Everyone liked Tino. He was a fun, easy guy to be around and was one of those people who could say whatever the hell he wanted and people thought it was part of his charm. Women flocked to him like they did to Marcos, as if they were completely oblivious to the undercurrent of danger that surrounded them.

Even Romeo seemed to largely dismiss anything hard about Tino, and he was his brother. Though Chuito had noticed Romeo was also a sort of father figure, which was the reason Tino had been willing to tell off Nova when he was crashing, but answered the phone in a fucking heartbeat if Romeo was calling.

It was the strangest shit Chuito had ever seen in his life.

No one saw the gangster in Tino.

No one.

Not even Jules, and she saw everything.

Chuito was alone in knowing one of the scariest motherfuckers out of New York had landed in Garnet.

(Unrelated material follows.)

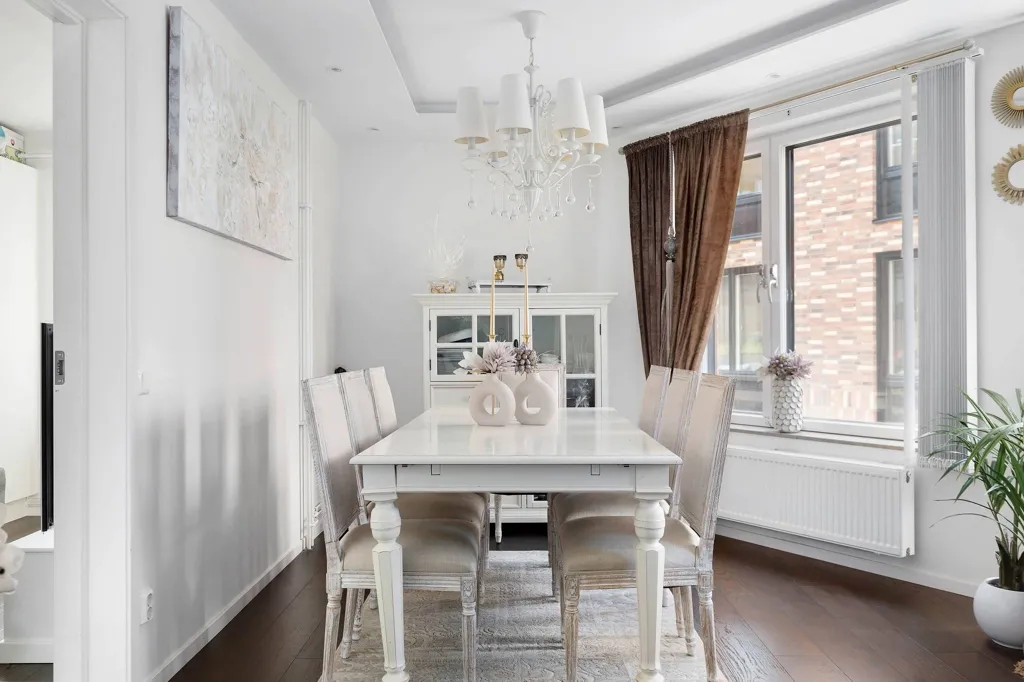Söögituba - Modern Flat with Shared Rooftop in Jakobsberg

“The fucking Russians, man,” Tino was ranting as he bench-pressed after hours at the Cellar because he was a night owl too. He looked up at Chuito, who was spotting him. “I know that’s why Nova is tense every time I talk to him. Before I left, he was up to his ass in comrades. I don’t know why the old man keeps getting in bed with them over and over again. Their rules are jacked.”

“Are you supposed to be telling me your shit?” Chuito asked him. “Nova said—”

“Nova hates the Russian mafia more than I do,” Tino went on as if he hadn’t heard Chuito. “Did you know they aren’t supposed to get married? What I can’t figure out is if they aren’t getting married, where the fuck do they keep coming from?”

“They don’t have kids?” Chuito asked in surprise.

Most of the gangsters he knew had kids, and the Italians were worse than Latinos. Never underestimate a predominantly Catholic group of people’s abilities to reproduce more of the same.

“Half those fuckers are ex-KGB. Nothing scares them,” Tino assured him. “That’s why they don’t let them have kids. They make sure their associates got nothing to lose, but you would think the basic law of survival would make them bend to intimidation tactics. It doesn’t. We had this comrade in deep with the old man. A quarter of a million in arms that he didn’t deliver on. Madonn’, I tried everything, and I’mverygood at my job. Ended up having to sink him. He didn’t even cry on the way down. Now here we are, back in bed with more Russians. Oobatz.”

“Tino,” Chuito warned. “This sounds very internal.”